The answer is the line with "ドミール佐保台の居間・リビング|ゆったりとした居間です" and every line after it to the end of the listing, retyped exactly. Pictures do not belong in it.

**Exercise data:**
= Beginning of Section =

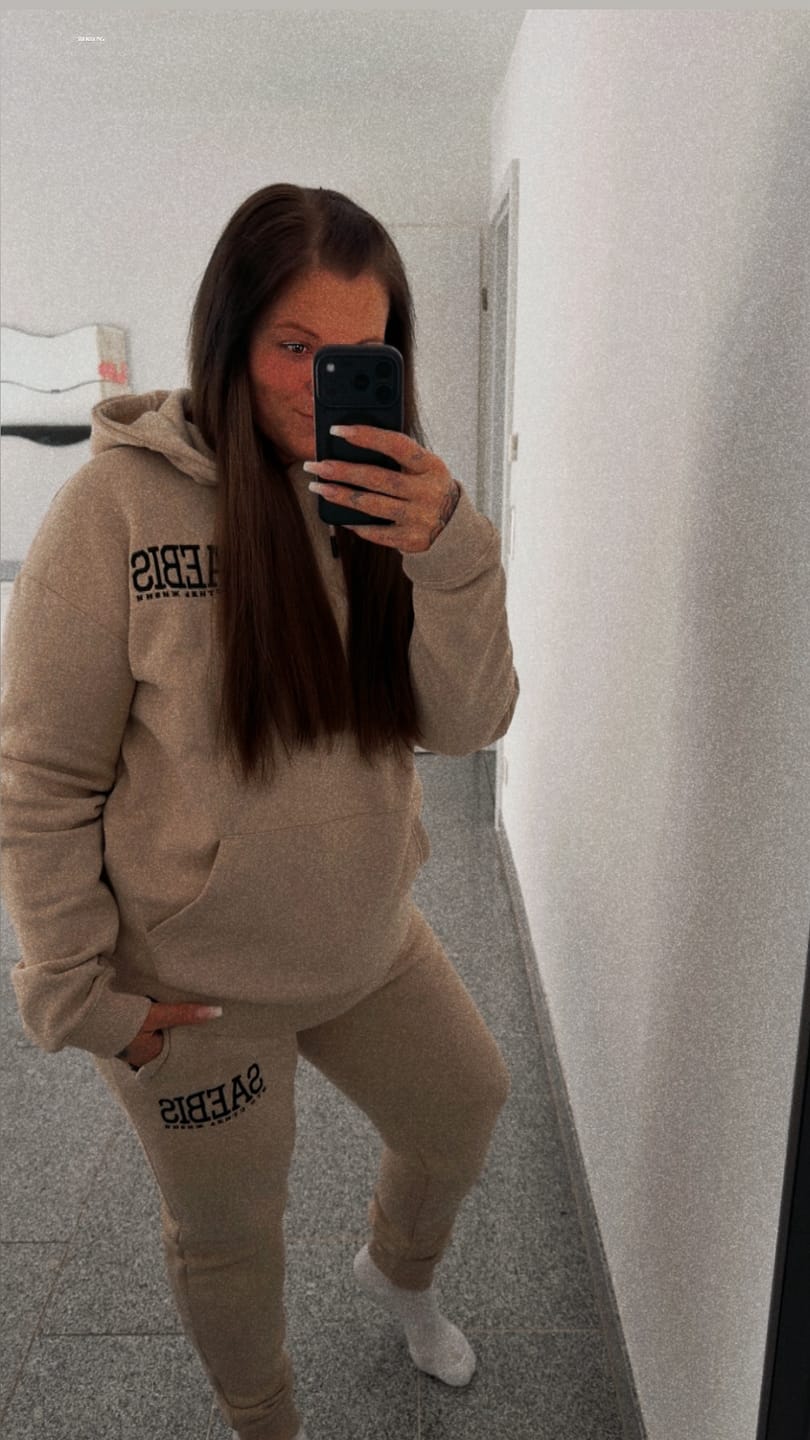 Customer photo review of Lifestyle Damen Jogginghose beige mit Stickerei by SAEBIS®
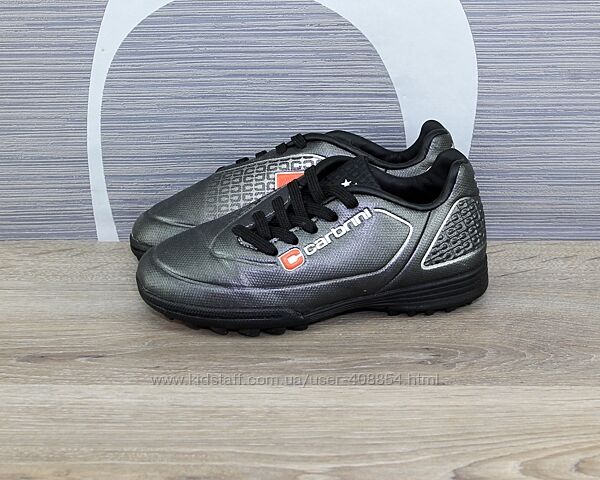 Кросівки Carbrini
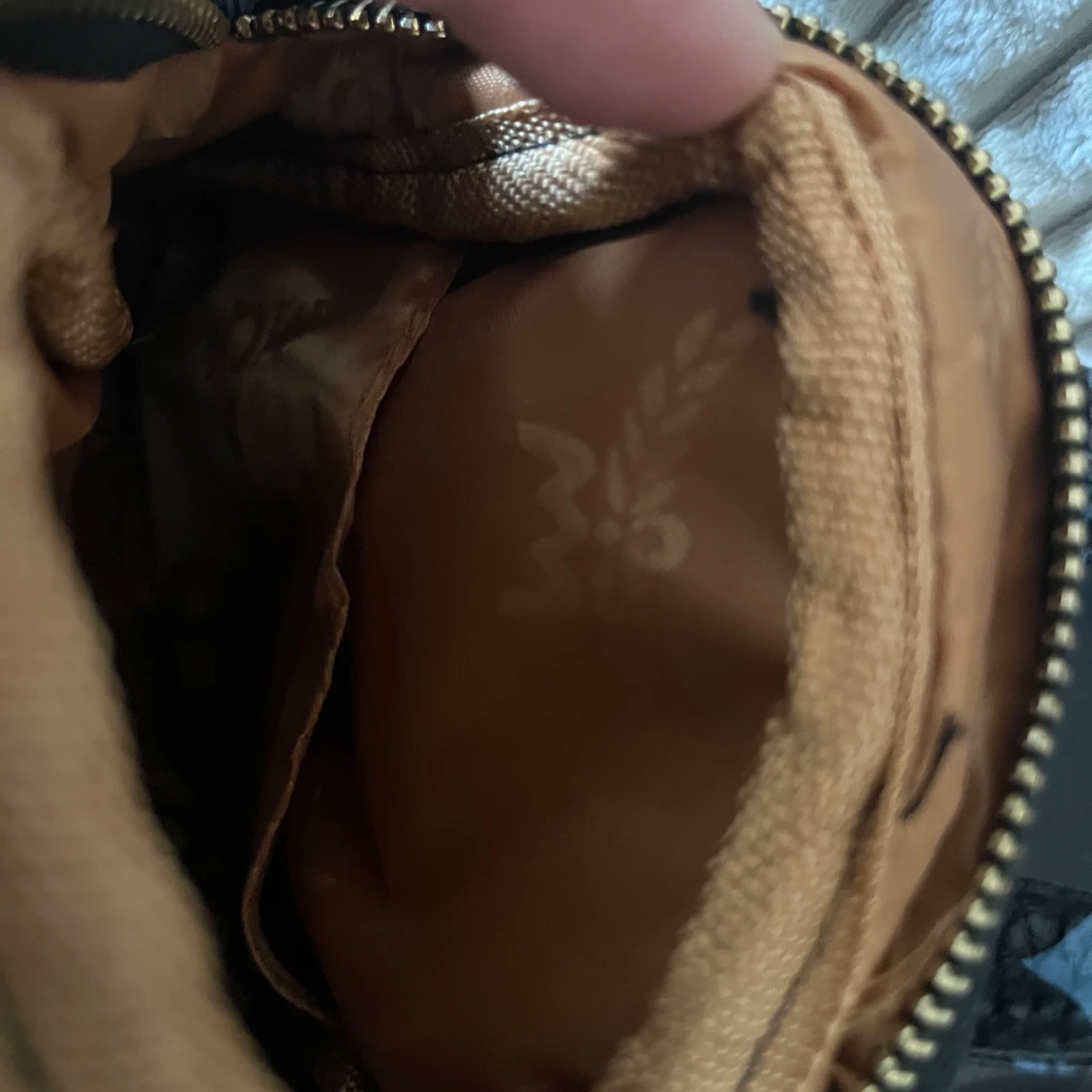 MCM studded women’s backpack - 91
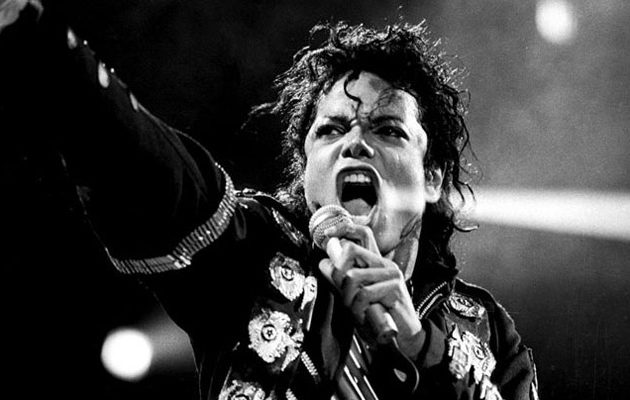 Σοκ: Ποια ανήλικα μέλη της οικογένειάς του παρενοχλούσε ο Μάικλ Τζάκσον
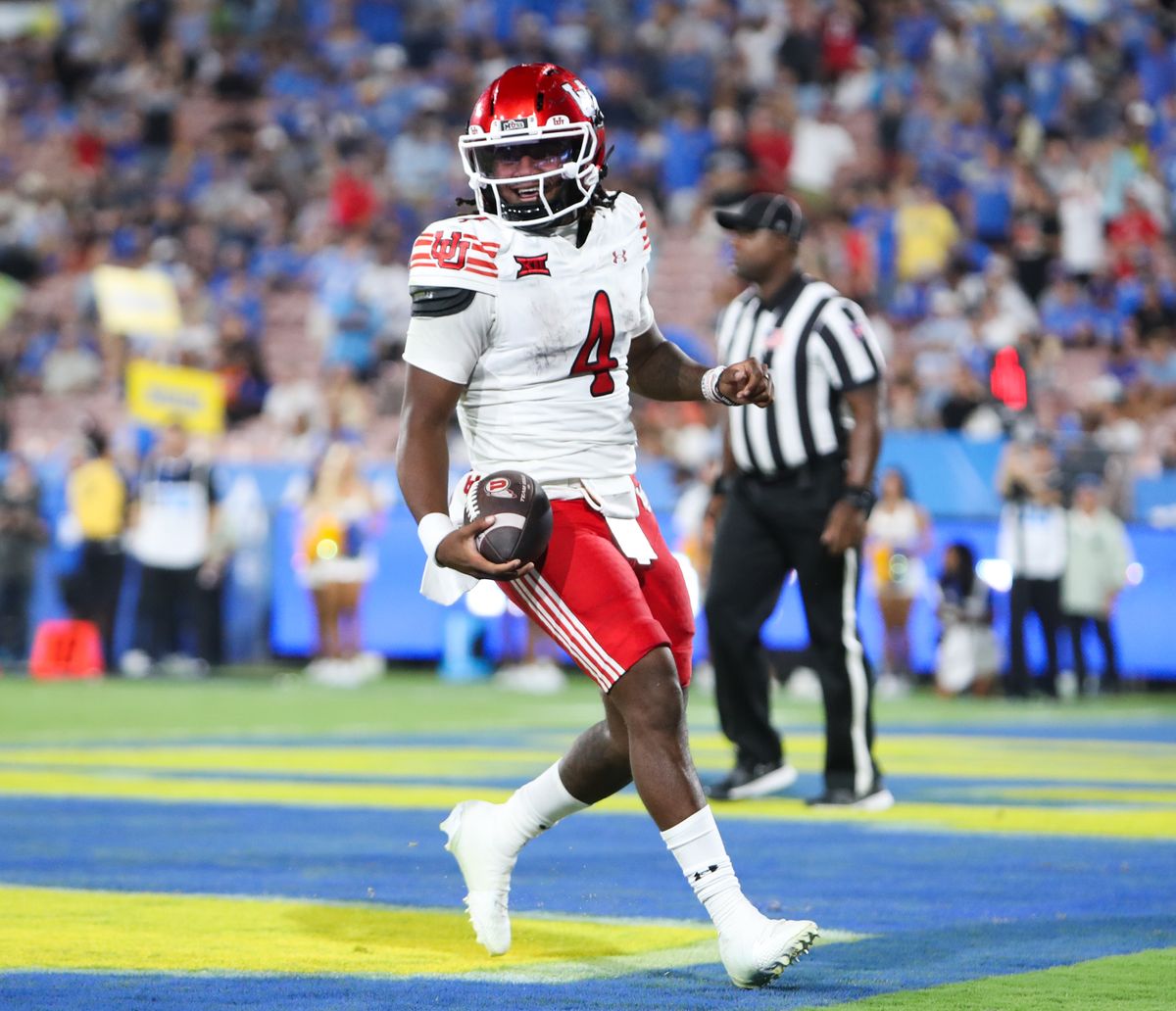#4 Devon Dampier of the Utah Utes scores a touchdown during an NCAA football game against the UCLA Bruins, August 30, 2025 in Pasadena, CA. #4 Devon Dampier of the Utah Utes scores a touchdown during an NCAA football game against the UCLA Bruins, August 30, 2025 in Pasadena, CA.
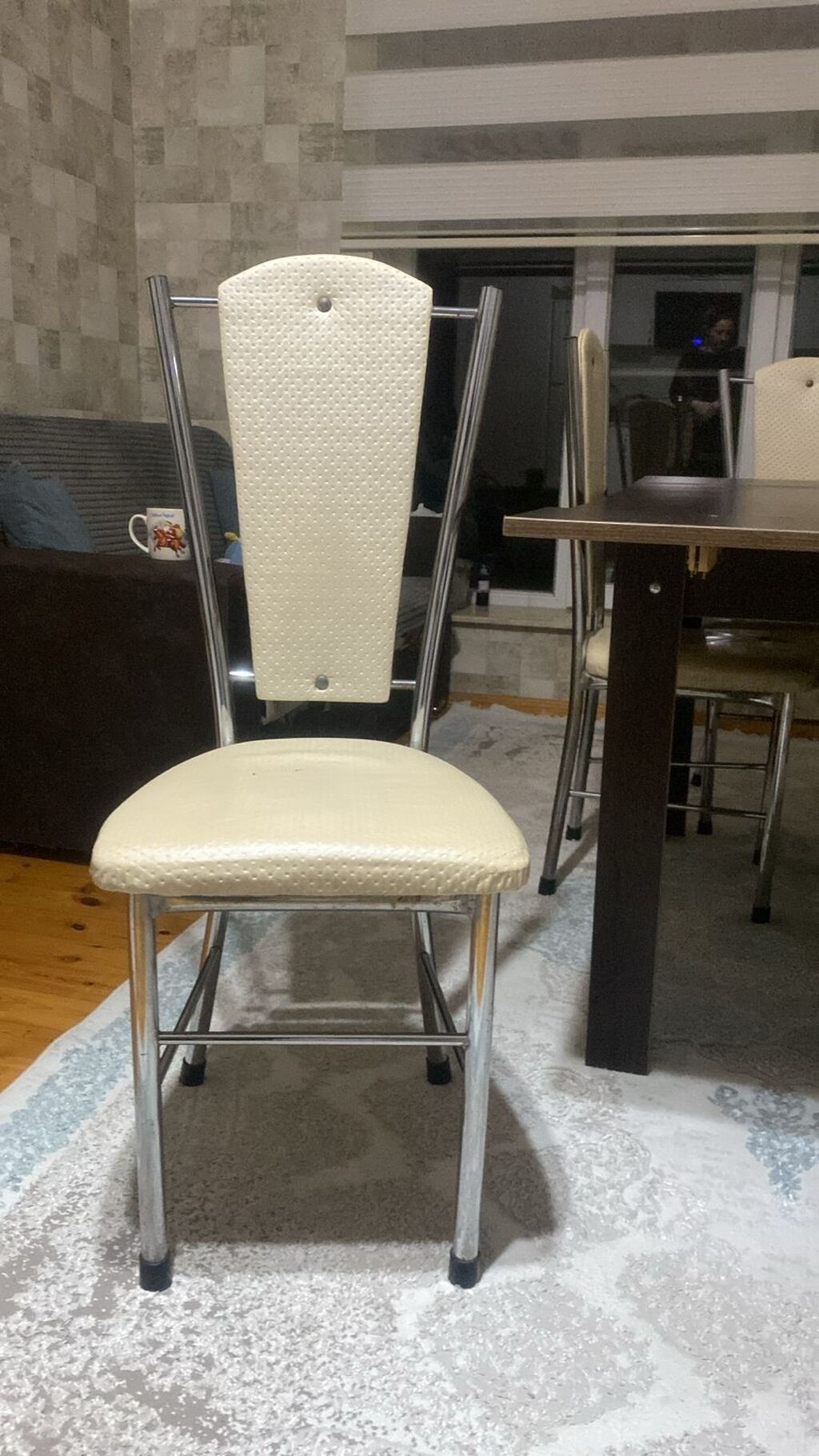 Yemək masası və 6 ədəd stul dəsti - Masa: düzbucaqlı formalı, tünd — Mebel, Bakı (3)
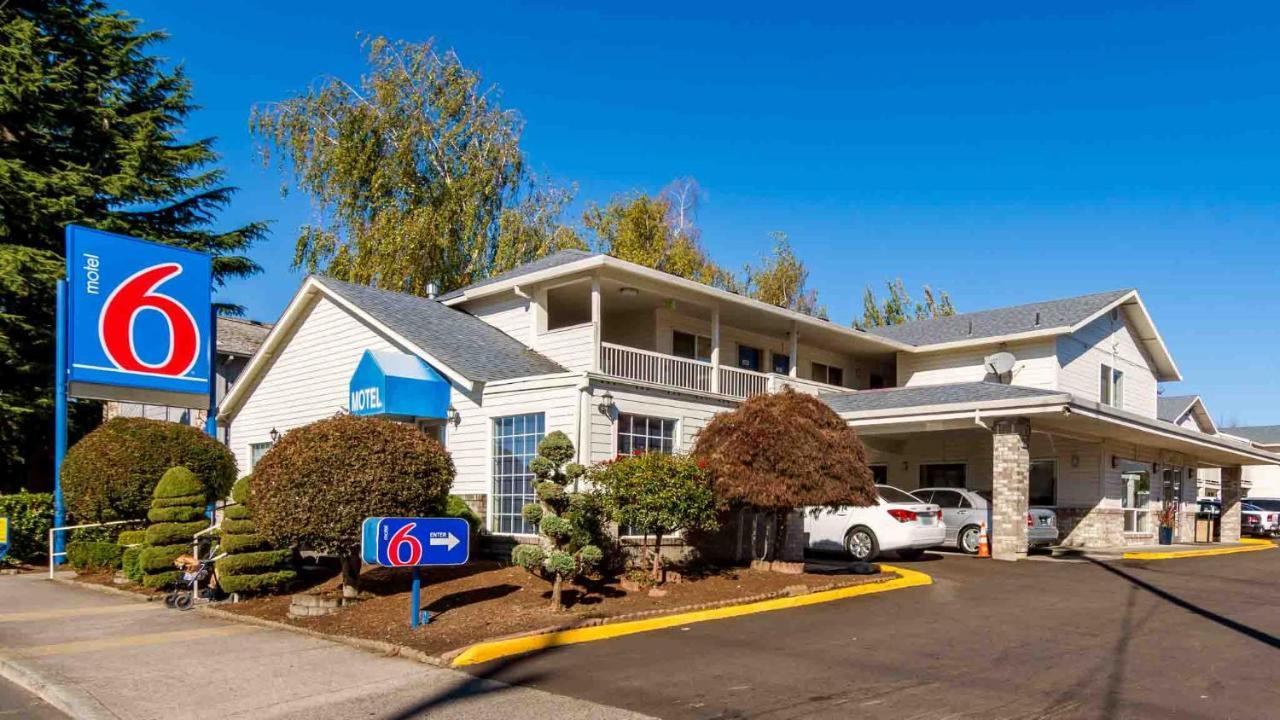 Motel 6 Portland Mall - 205 Exterior photo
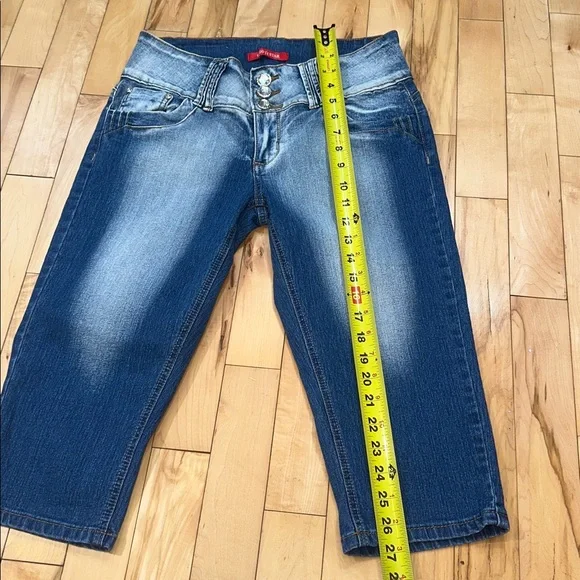 GoGo Star Capris - Picture 4 of 8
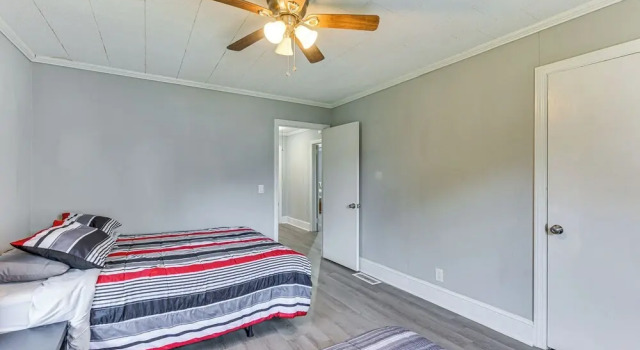 Коттедж Cozy Charlotte Home w/ Fire Pit ~ 6 Mi to Uptown!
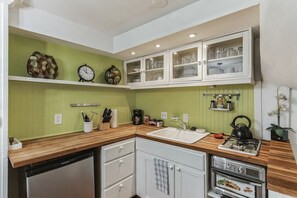 Villa (2 Bedrooms) | Private kitchen | Fridge, microwave, stovetop, cookware/dishes/utensils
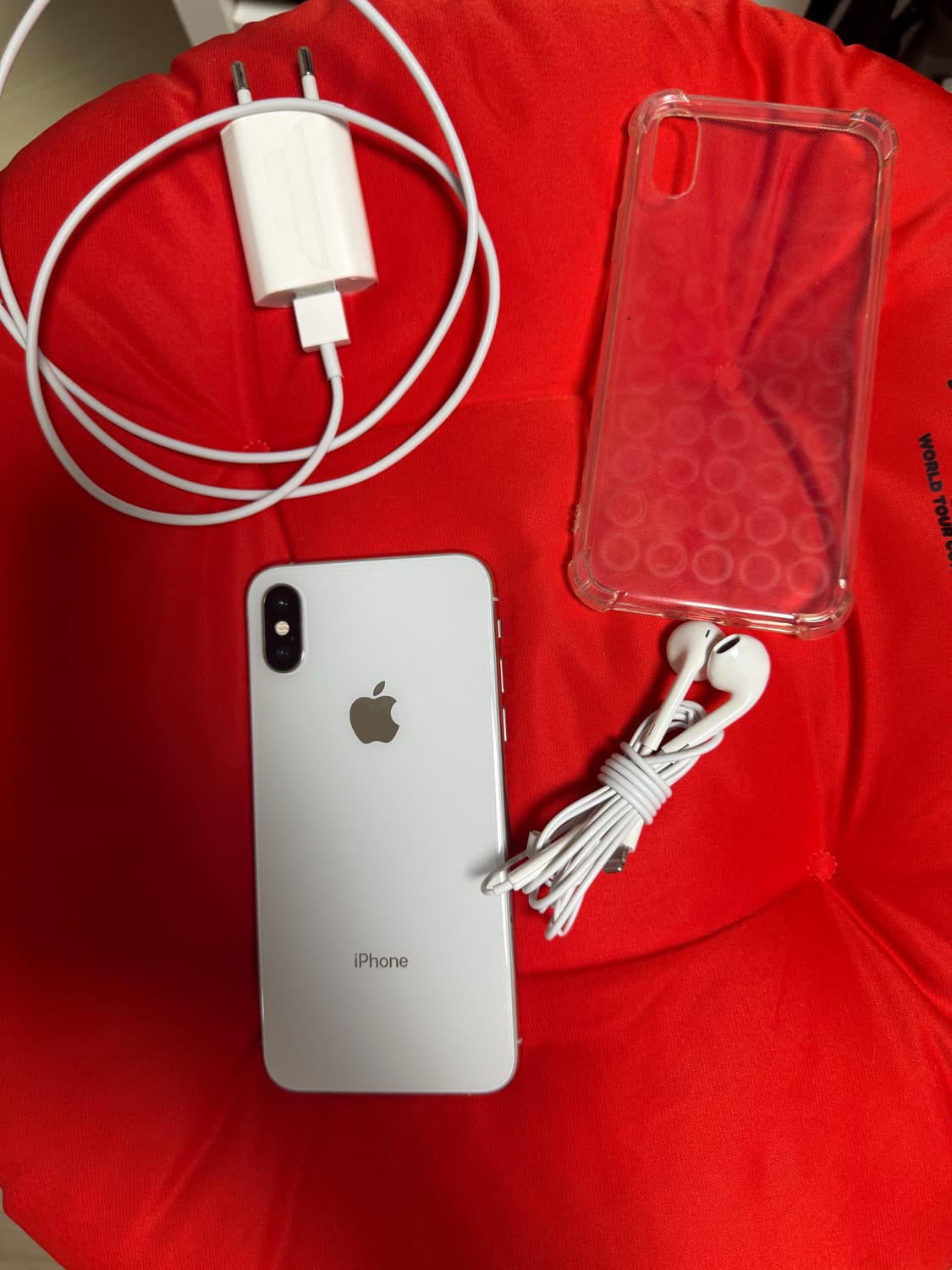 아이폰 xs 실버 64기가 해외판 무음 (배터리 100%) 상품이미지1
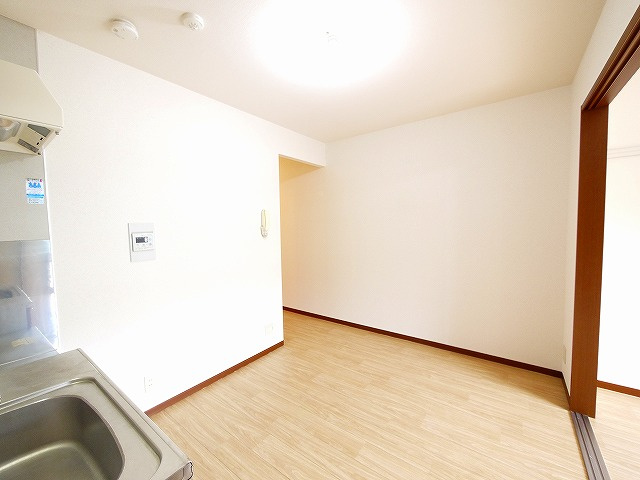 ドミール佐保台の居間・リビング|ゆったりとした居間です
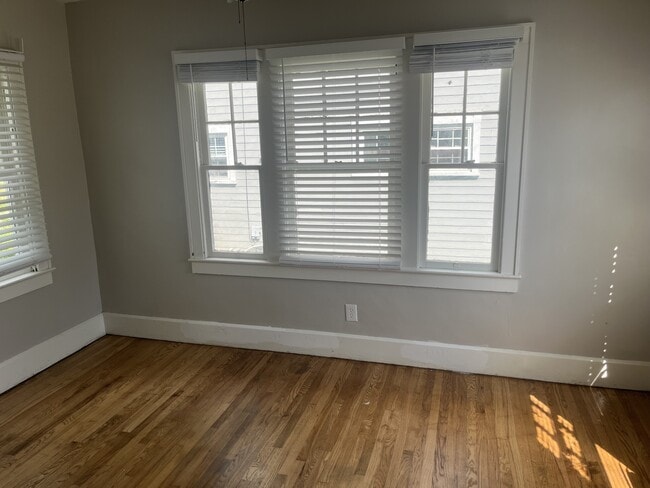 Building Photo - 370 Terrace Dr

= End of Section =

**Your response:**
 ドミール佐保台の居間・リビング|ゆったりとした居間です
 Building Photo - 370 Terrace Dr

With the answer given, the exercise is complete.